Let $\beta$ be an orthonormal basis for $V$. Then, $\det T^ * - \bar{\lambda} Id = det [ T^ * - \bar{\lambda} Id ] _\beta = det ([ T^ * ] _\beta - \bar{\lambda} I _n )$ $= det (([ T] _\beta)^H - \bar{\lambda} I _n ) \stackrel{\det A = \det A^\top}{=} \det (\overline{[ T ] _\beta} - \bar{\lambda}I_n) = \overline{\det [ T ] _\beta - \lambda I_n}=\overline{\det (T-\lambda Id))}=\bar{0} = 0$. Therefore, $\bar{\lambda}$ is an eigenvalue of $T^*$.

### Proof of Schur’s thm

Prove by M.I..
If $dimV=1,$ then it is obvious. Assume it holds if $dim V = n-1$.
Let $dimV =n, \ T: V \rightarrow V$. By assumption, $\varphi_T (t)$ splits. Let $\lambda$ be an eigenvalue of $T$. Then, by above lemma, $\bar{\lambda}$ is an eigenvalue of $T^ *$. Let $z$ be an eigenvector of $T^ *$ with eigenvalue $\bar{\lambda}$ and $\Vert z \Vert = 1$. Consider a subspace generated by $z$, i.e., $< z > = span(z) \leqslant V$. Then, $V = < z > \oplus < z >^\perp$, where $dim < z > =1, dim < z >^\perp = n-1$. $T^ *: < z > \rightarrow < z > \lneq V \ (cz \mapsto c\bar{\lambda} z)$, i.e., $< z >$ is $T^ *$-invariant $(T^ * ( < z >) \subseteq < z >)$. Let $x \in < z >^\perp$. Then, $\langle T(x), z \rangle = \langle x, T^ * (z) \rangle\stackrel{lemma}{=} \langle x, \bar{\lambda}z \rangle = \lambda \langle x, z \rangle = 0$ which implies $T(x) \in < z >^\perp$, i.e., $< z >^\perp$ is $T$-invariant. Note that $\varphi_{T \mid_{< z >^\perp}}(t)$ splits since this polynomial is factorized by induction hypothesis (where we restrict the domain of linear operator $T$). By induction, there exists an orthonormal bassis $\hat{\beta}$ of $< z > ^\perp$ s.t. $[ T \mid _{< z >^ \perp} ] _\hat{\beta}$ is upper-triangular matrix, where $\hat{\beta} := \{ v _1, \cdots, v _{n-1}\}$. Let $\beta := \hat{\beta} \cup \{ z \} = \{ v _1, \cdots, v _{n-1}, z \}$. Then, $\beta$ is orthonormal basis for $V$ and
$[ T ] _\beta = \begin{bmatrix} & & & \\ & [ T \mid _{< z >^ \perp} ] _\hat{\beta} & & \\ & & & T(z) \\ & 0 & & \end{bmatrix} = \begin{bmatrix} \lambda _1 & & & \\ 0 & \ddots & & \\ 0 & 0 & \lambda _{n-1} & \\ 0 & \cdots & 0 & \lambda \end{bmatrix}$, which is an upper-triangular matrix.

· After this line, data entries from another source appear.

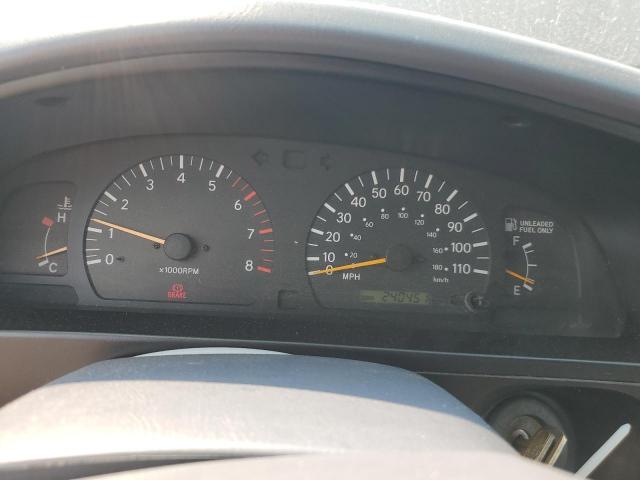 Toyota Tacoma Xtracab Image 4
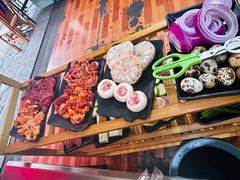 -阿昌白族石板烧·菌锅(大理古城店)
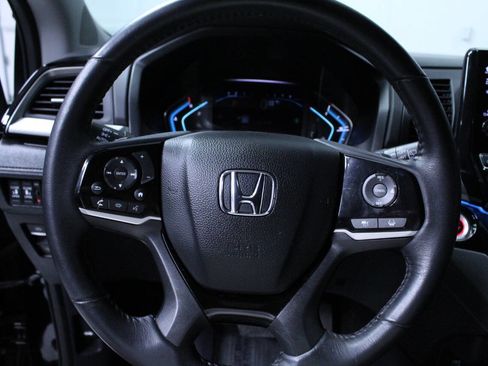 Used 2021 Honda Odyssey Touring image 20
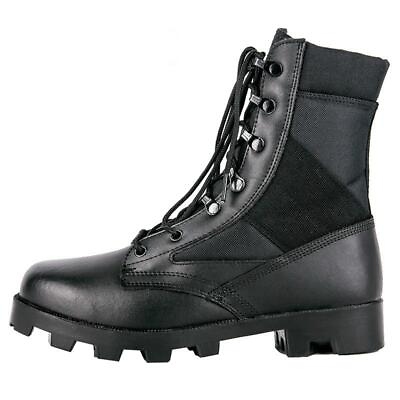 #ad Zapatos Para Trabajar Construcción de Hombre Militares Calzado Antideslizantes $60.89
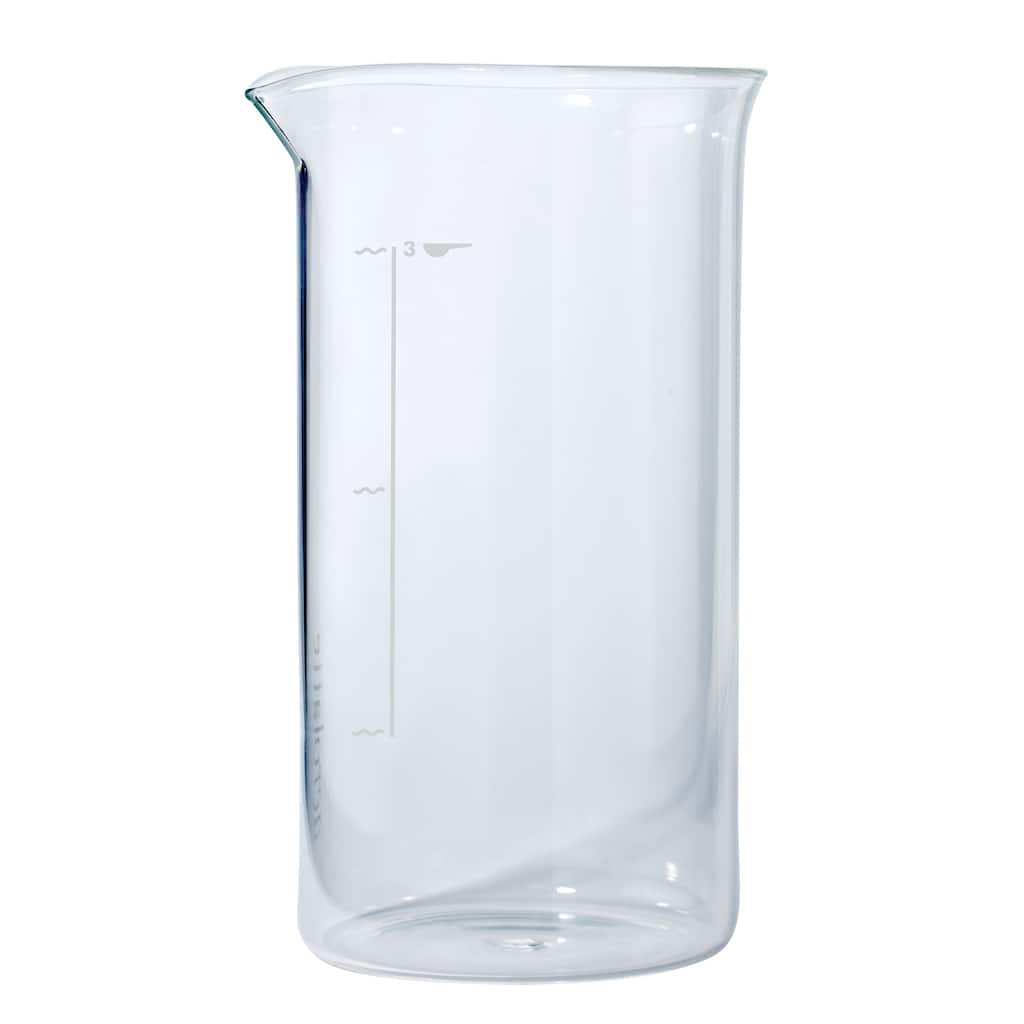 Aerolatte Replacement Carafe for French Press Coffee Makers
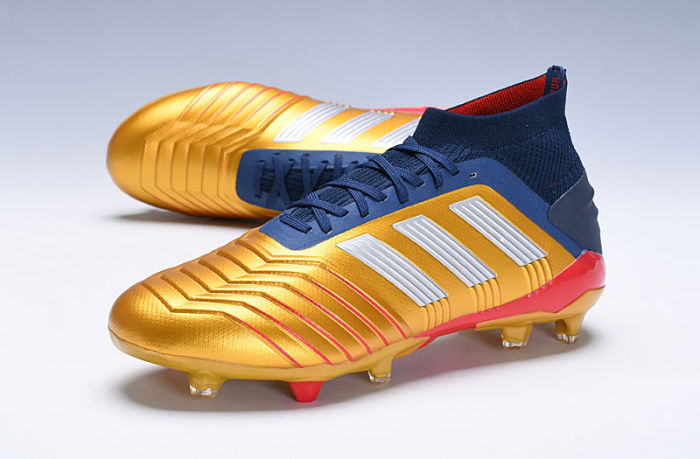 Predator 19 dbzz 25th FG Football Boots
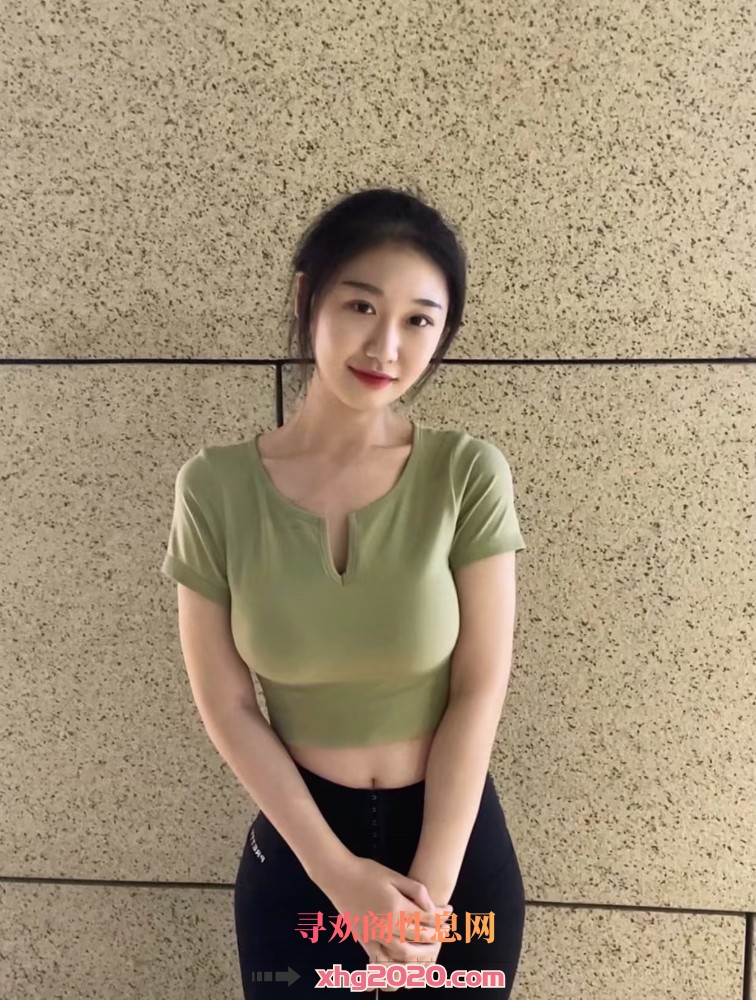 番禺区00后小姐姐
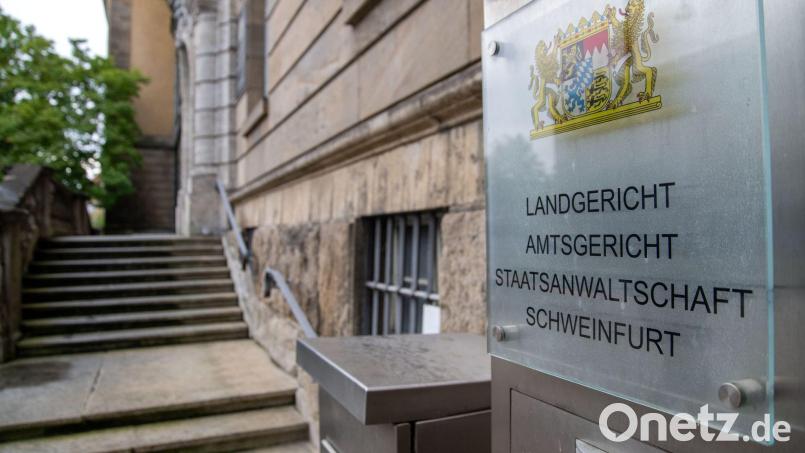 Der Angeklagte soll um die Jahrtausendwende Minderjährige in dem Kinderheim sexuell missbraucht haben. (Archivbild) Bild: Pia Bayer/dpa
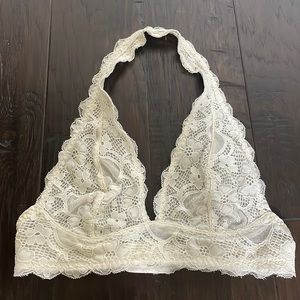 free people bralette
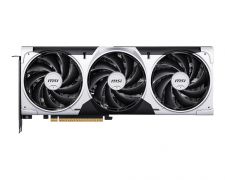 Видеокарта MSI GeForce RTX 5060 8G VENTUS 3X OC, 8G GDDR7 128bit 1xHDMI 3xDP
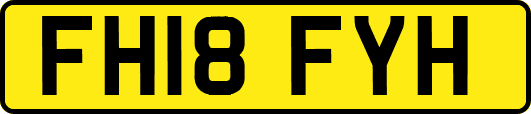 FH18FYH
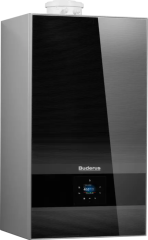 Buderus GB182İ.2- 24/30 kW Combi Boiler-7736902632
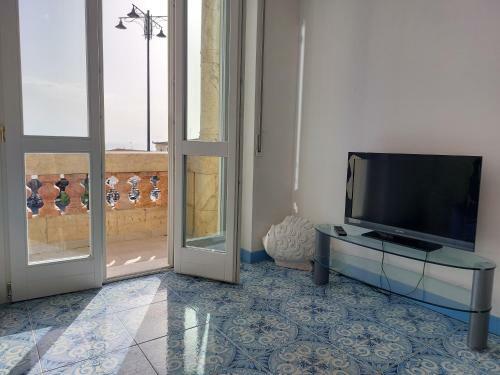 Imperiale Apartment With Sea View
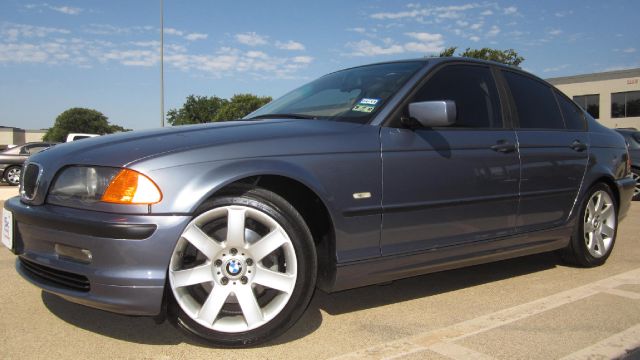 2001 BMW 3 series for sale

$\text{Let } F = \mathbb{C}. \text{ Then, } \forall A \in Mat_{n \times n}(\mathbb(C)), \ L_A : \mathbb{C}^n \rightarrow \mathbb{C}^n \ (x \mapsto Ax), \text{ Then,} \exists \text{ONB } \beta \text{ s.t. } [ L _A ] _\beta \text{ is upper triangular.} \nonumber$

### Proof

Since $\varphi _{L _A} (t)$ splits by fundamental theorem of algebra (when $F=\mathbb{C}$), there exists orthonormal basis $\beta$ s.t. $[ L _A ] _\beta$ is upper triangular matrix. $[ L_A ] _\beta = [ Id ]^\beta _{\epsilon _n} [ L_A ]^{\epsilon _n} _{\epsilon _n} [ Id ]^{\epsilon _n} _\beta = Q^{-1} A Q,$ i.e., every complex matrix is similar to an upper triangular matrix.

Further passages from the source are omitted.